## EXTRACTED DATA
○ ○ ○

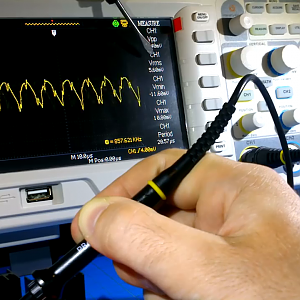 Как я измеряю пульсации блока питания, при помощи осциллографа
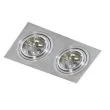 AZZARDO GM2200-ALU / AZ0770 Siro 2 (aluminium) Lampa wpuszczane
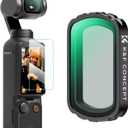 K&F Concept Magnetic Black Diffusion 1/4 Filter for DJI Osmo Pocket 3, Creative Mist Cinematic Effect Filters for Osmo Pocket 3 Creator Combo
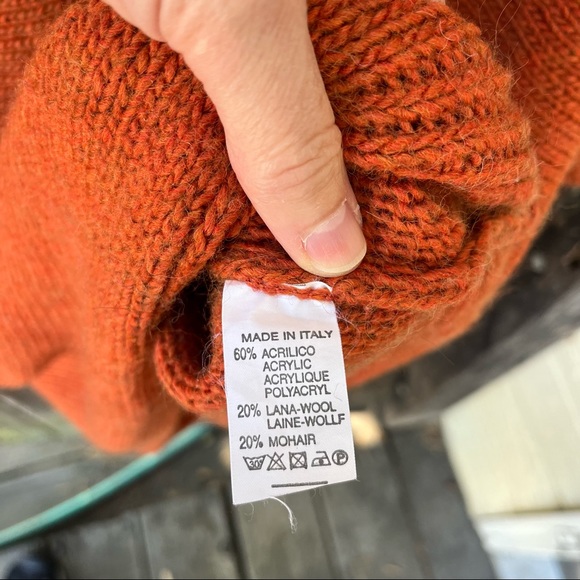 Italian Made Wool Mohair Dolman Short Sleeve Sweater Sz M - Picture 4 of 10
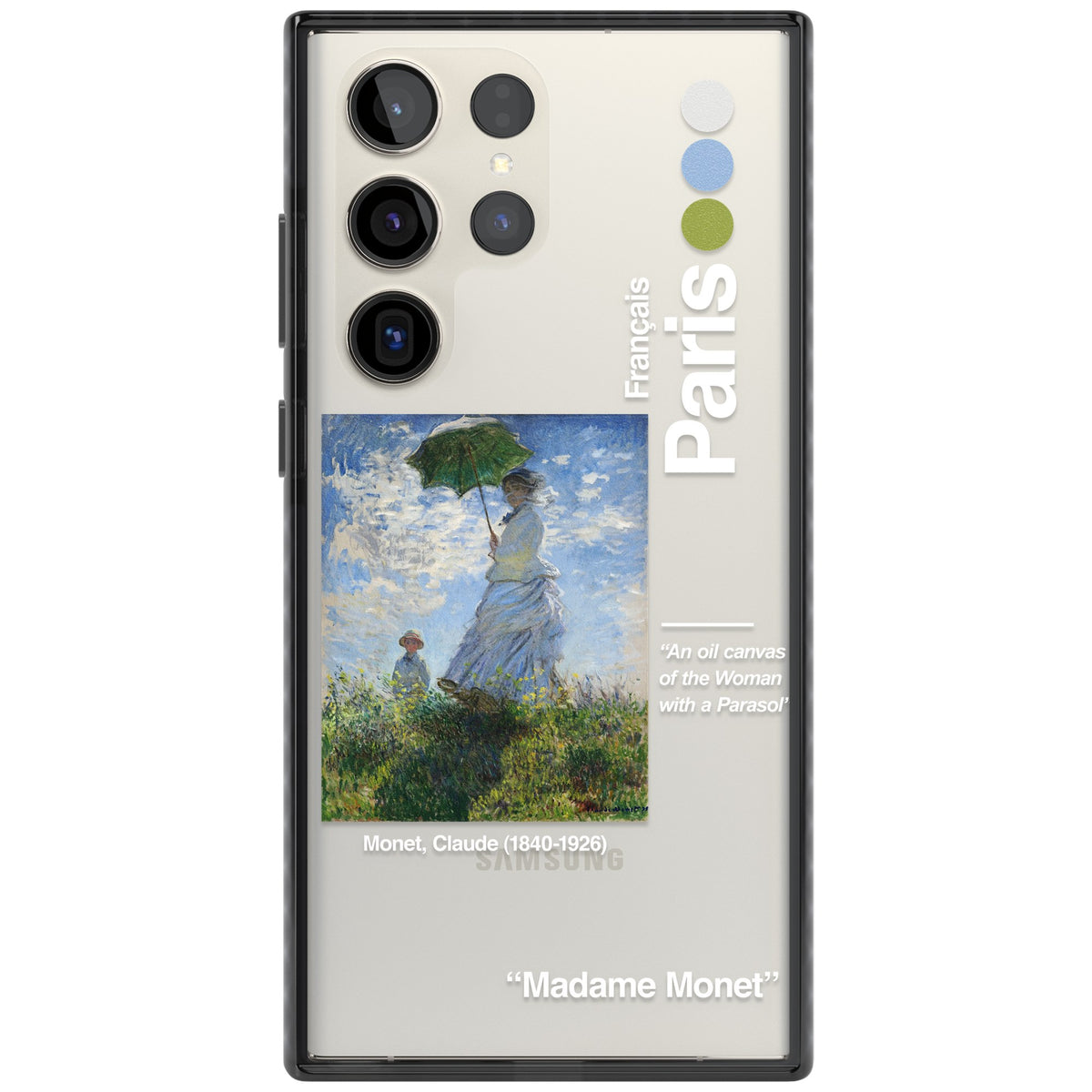 Madame Monet And Her Son Samsung S22 Ultra / Samsung S23 Ultra / Samsung S24 Ultra Impact Black Phone Case front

○ ○ ○

All of the material above must be given again verbatim, except for the pictures.

## RESPONSE AREA
 Как я измеряю пульсации блока питания, при помощи осциллографа
 AZZARDO GM2200-ALU / AZ0770 Siro 2 (aluminium) Lampa wpuszczane
 K&F Concept Magnetic Black Diffusion 1/4 Filter for DJI Osmo Pocket 3, Creative Mist Cinematic Effect Filters for Osmo Pocket 3 Creator Combo
 Italian Made Wool Mohair Dolman Short Sleeve Sweater Sz M - Picture 4 of 10
 Madame Monet And Her Son Samsung S22 Ultra / Samsung S23 Ultra / Samsung S24 Ultra Impact Black Phone Case front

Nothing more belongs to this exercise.